PBR23M7
Group members: Nikodem Kropielnicki, Bogusława Tlołka, Joanna Wdziękońska
Project based on VulCurator: A Vulnerability-Fixing Commit Detector
Team Policies and Team Expectations Agreement
Progress is tracked in Github Projects
You can do it manualy (instruction below) or via GoogleColab (by running commands in sequence) Results can be found after training each classifier as the F1 score presented in epoch 19 (for message, patch and issue) and as the F1 score presented at the end for ensemble.

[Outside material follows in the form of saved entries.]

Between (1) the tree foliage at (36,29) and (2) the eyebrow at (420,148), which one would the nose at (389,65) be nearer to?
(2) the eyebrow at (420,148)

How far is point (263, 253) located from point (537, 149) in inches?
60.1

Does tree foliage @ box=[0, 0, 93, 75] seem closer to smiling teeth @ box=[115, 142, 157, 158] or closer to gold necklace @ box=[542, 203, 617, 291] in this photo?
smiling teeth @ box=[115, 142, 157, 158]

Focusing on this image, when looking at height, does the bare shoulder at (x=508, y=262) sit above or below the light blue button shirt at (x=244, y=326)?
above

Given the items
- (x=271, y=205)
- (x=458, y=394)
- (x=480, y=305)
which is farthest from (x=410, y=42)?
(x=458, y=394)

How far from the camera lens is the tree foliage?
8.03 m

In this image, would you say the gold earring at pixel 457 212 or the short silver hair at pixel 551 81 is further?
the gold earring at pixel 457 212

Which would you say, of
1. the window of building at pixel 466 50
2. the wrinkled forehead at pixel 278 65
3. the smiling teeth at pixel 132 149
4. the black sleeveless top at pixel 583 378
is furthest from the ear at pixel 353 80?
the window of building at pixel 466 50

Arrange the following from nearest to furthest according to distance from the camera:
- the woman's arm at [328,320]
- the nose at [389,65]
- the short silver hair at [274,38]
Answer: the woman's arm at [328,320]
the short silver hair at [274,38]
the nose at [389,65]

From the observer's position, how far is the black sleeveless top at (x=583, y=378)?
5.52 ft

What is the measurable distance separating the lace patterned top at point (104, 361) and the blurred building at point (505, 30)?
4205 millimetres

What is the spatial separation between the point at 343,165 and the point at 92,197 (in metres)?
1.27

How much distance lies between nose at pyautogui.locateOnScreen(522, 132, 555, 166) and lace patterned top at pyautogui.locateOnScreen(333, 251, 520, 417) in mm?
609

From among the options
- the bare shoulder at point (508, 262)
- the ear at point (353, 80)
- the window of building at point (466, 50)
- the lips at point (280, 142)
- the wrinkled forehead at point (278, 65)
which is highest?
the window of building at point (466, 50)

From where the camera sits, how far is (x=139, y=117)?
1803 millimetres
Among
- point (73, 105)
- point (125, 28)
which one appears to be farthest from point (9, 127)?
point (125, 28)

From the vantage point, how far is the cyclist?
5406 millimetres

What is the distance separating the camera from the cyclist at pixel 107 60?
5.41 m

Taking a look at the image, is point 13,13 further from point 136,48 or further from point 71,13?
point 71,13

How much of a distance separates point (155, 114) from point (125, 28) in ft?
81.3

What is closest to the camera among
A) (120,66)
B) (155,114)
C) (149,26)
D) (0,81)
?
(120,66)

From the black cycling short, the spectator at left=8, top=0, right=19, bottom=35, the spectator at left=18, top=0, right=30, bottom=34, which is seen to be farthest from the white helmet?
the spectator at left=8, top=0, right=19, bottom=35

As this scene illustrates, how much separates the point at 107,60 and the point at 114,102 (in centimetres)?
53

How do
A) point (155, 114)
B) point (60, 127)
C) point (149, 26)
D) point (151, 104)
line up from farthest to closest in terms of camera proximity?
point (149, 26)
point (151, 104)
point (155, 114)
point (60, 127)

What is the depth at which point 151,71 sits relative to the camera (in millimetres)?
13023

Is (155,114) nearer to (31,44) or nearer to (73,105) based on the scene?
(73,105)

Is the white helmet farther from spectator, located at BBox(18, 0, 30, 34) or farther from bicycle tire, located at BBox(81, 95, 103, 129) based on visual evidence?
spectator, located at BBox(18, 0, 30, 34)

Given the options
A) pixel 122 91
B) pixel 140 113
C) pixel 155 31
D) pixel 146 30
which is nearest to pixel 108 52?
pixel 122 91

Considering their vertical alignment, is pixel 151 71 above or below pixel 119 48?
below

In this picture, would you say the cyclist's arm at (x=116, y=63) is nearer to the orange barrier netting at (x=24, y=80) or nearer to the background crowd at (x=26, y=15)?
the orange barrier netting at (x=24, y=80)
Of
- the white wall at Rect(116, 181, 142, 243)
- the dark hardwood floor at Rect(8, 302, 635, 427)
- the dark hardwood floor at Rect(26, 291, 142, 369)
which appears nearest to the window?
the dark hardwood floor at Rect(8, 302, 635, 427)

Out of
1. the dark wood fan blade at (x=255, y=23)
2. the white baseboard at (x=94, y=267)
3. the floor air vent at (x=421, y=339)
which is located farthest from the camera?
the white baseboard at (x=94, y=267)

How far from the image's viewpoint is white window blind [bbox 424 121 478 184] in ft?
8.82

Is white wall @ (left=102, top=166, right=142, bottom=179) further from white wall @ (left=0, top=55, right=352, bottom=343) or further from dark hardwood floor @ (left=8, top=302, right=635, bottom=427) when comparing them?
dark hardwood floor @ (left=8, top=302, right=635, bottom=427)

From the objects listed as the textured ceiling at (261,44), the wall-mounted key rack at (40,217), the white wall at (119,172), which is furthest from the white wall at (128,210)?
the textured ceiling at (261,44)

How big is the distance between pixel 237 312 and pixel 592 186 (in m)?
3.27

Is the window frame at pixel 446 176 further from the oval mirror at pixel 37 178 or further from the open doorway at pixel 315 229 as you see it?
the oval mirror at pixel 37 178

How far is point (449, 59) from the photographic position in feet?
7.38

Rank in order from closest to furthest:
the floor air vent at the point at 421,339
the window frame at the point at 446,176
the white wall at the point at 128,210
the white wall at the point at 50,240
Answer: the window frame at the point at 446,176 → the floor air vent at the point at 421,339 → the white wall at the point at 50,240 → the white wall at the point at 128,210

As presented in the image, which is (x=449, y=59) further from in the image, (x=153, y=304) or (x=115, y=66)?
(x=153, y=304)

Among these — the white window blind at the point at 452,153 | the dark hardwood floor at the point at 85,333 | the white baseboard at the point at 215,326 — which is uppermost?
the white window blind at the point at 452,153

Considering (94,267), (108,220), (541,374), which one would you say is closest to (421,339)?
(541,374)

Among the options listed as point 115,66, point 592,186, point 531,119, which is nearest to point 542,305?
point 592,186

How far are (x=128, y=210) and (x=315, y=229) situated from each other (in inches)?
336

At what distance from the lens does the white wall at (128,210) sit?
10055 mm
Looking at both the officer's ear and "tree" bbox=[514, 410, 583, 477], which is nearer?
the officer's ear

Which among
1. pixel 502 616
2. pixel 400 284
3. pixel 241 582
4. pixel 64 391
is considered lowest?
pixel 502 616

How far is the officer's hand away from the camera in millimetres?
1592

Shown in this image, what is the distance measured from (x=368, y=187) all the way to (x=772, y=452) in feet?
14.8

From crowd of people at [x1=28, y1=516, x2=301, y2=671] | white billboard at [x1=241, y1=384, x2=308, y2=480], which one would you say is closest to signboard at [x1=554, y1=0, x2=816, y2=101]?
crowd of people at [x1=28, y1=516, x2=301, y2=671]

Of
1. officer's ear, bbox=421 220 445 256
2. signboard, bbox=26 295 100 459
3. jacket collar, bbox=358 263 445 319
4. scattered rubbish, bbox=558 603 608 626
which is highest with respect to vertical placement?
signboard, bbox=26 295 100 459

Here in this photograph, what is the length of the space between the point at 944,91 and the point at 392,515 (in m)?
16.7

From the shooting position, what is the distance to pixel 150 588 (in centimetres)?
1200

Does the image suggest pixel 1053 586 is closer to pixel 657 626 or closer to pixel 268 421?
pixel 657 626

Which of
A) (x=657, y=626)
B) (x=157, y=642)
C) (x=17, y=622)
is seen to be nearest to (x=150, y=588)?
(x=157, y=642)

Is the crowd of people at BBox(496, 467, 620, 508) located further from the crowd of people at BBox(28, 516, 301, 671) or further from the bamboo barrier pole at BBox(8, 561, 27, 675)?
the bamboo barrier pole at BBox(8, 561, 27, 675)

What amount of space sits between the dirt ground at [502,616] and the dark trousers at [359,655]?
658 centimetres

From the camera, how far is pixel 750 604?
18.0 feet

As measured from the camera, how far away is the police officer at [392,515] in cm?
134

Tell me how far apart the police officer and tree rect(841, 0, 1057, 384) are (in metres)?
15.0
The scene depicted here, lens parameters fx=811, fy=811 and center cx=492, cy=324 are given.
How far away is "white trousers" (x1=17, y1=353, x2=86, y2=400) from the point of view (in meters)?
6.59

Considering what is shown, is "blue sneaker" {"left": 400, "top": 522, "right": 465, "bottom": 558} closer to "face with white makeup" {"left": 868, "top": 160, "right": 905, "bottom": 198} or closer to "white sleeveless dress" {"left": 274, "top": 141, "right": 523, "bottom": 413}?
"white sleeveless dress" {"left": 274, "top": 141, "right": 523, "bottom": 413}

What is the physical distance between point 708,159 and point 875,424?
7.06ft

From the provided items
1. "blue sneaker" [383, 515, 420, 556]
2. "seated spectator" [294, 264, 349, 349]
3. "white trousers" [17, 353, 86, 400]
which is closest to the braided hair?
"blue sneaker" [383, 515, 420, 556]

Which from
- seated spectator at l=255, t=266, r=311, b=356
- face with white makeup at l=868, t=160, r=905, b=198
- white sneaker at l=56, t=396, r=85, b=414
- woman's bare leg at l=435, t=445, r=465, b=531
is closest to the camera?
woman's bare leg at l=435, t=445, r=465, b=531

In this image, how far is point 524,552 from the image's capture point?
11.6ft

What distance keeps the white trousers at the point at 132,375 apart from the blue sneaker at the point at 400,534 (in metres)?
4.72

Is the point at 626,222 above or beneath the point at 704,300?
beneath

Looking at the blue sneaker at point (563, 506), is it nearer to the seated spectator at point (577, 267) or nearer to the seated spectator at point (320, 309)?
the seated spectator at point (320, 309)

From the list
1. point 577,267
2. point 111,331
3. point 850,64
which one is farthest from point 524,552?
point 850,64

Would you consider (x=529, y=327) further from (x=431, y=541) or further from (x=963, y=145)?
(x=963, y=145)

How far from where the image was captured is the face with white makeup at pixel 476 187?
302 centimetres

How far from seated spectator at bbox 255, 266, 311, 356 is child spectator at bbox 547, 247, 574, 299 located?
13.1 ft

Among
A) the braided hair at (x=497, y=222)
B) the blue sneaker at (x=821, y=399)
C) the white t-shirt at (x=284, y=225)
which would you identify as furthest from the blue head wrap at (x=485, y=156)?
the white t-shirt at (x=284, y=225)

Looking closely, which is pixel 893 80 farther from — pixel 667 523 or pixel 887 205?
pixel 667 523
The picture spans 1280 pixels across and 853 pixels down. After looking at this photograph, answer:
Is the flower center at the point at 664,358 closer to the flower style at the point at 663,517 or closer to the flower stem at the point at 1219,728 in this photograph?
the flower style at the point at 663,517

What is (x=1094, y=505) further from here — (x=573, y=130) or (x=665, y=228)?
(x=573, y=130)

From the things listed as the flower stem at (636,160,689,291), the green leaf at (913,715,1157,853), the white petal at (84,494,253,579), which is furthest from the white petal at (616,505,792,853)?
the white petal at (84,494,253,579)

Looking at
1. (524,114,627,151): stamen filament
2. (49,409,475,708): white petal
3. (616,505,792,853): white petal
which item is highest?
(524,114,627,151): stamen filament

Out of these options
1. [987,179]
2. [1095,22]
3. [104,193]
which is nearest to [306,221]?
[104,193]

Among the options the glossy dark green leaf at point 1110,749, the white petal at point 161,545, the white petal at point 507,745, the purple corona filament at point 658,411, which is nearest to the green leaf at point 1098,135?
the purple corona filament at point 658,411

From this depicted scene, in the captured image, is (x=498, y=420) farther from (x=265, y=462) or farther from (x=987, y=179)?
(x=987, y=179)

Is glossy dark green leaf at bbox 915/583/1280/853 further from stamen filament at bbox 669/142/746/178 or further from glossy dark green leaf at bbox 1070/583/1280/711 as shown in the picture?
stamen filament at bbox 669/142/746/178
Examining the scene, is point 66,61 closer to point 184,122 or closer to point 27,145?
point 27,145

Note: Some files were too big to put them on Github, they are in the missing files link above (on GoogleColab there is a section which uploads them to project)
For Tensorflow dataset:
To train message classifier:
python message_classifier.py --dataset_path tf_vuln_dataset.csv --model_path model/tf_message_classifier.sav
To train issue classifier:
python issue_classifier.py --dataset_path tf_vuln_dataset.csv --model_path model/tf_issue_classifier.sav
To finetune CodeBERT for patch classifier:
python vulfixminer_finetune.py --dataset_path tf_vuln_dataset.csv --finetune_model_path model/tf_patch_vulfixminer_finetuned_model.sav
To train patch classifier:
python vulfixminer.py --dataset_path tf_vuln_dataset.csv --model_path model/tf_patch_vulfixminer.sav --finetune_model_path model/tf_patch_vulfixminer_finetuned_model.sav --train_prob_path probs/tf_patch_vulfixminer_train_prob.txt --test_prob_path probs/tf_patch_vulfixminer_test_prob.txt
To run ensemble classifier:
python variant_ensemble.py --config_file tf_dataset.conf
Similarly, for SAP dataset (some classifiers about 1,5h on GoogleColab!):
To train message classifier:
python message_classifier.py --dataset_path sub_enhanced_dataset_th_100.txt --model_path model/sap_message_classifier.sav
To train issue classifier:
python issue_classifier.py --dataset_path sub_enhanced_dataset_th_100.txt --model_path model/sap_issue_classifier.sav
To finetune CodeBERT for patch classifier:
python vulfixminer_finetune.py --dataset_path sap_patch_dataset.csv --finetune_model_path model/sap_patch_vulfixminer_finetuned_model.sav
To train patch classifier:
python vulfixminer.py --dataset_path sap_patch_dataset.csv --model_path model/sap_patch_vulfixminer.sav --finetune_model_path model/sap_patch_vulfixminer_finetuned_model.sav --train_prob_path probs/sap_patch_vulfixminer_train_prob.txt --test_prob_path probs/sap_patch_vulfixminer_test_prob.txt
To run ensemble classifier:
python variant_ensemble.py --config_file sap_dataset.conf
For MSR dataset:
To train message classifier:
python message_classifier.py --dataset_path partycje.json --model_path model/msr_message_classifier.sav
To train issue classifier:
python issue_classifier.py --dataset_path partycje.json --model_path model/msr_issue_classifier.sav
To finetune CodeBERT for patch classifier:
python vulfixminer_finetune.py --dataset_path partycje.json --finetune_model_path model/msr_patch_vulfixminer_finetuned_model.sav
To train patch classifier:
python vulfixminer.py --dataset_path partycje.json --model_path model/msr_patch_vulfixminer.sav --finetune_model_path model/msr_patch_vulfixminer_finetuned_model.sav --train_prob_path probs/msr_patch_vulfixminer_train_prob.txt --test_prob_path probs/msr_patch_vulfixminer_test_prob.txt
To run ensemble classifier:
python variant_ensemble.py --config_file msr_dataset.conf